## Work to be completed
The answer should be the exact lines from the line containing "imageDREAM PAIRS Heels" through the last line of the material below, with no pictures.

## Exercise data
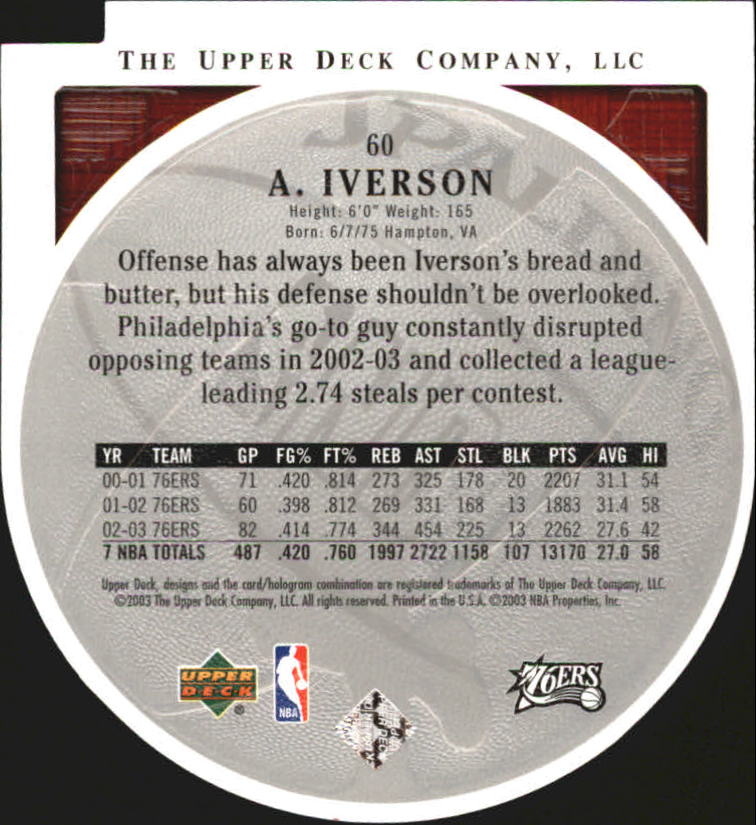 2003/2004 Standing O (Upper Deck) Basketball Part 2 Die Cuts/Embossed - Picture 113 of 173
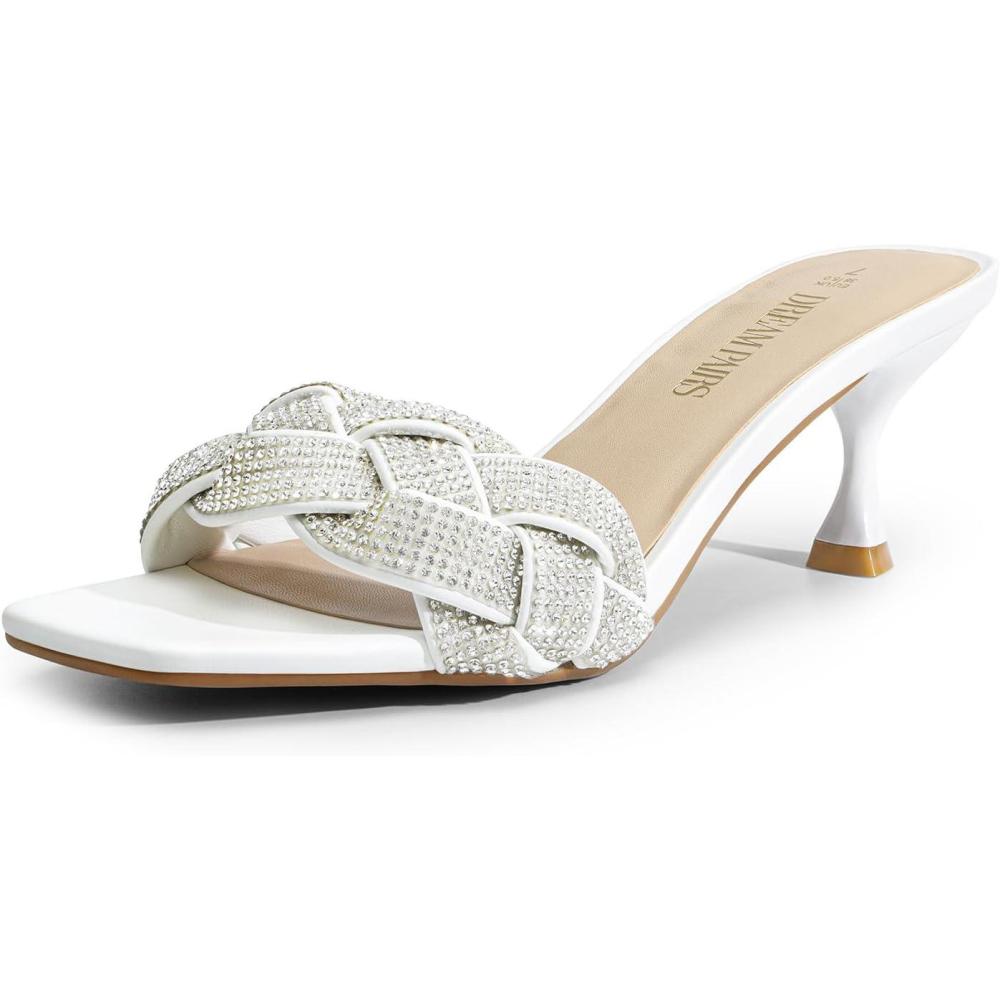 imageDREAM PAIRS Heels for Women Rhinestone Open Toe Low Kitten Heels Sexy Stilettos Heels Pump Sandals Party Evening Prom Dance Dress ShoesWhiterhinestone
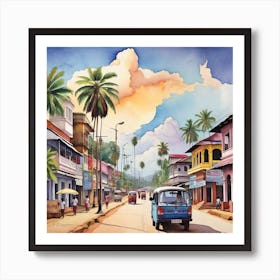 Street Scene In Sri Lanka Art Print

## The answer
 imageDREAM PAIRS Heels for Women Rhinestone Open Toe Low Kitten Heels Sexy Stilettos Heels Pump Sandals Party Evening Prom Dance Dress ShoesWhiterhinestone
 Street Scene In Sri Lanka Art Print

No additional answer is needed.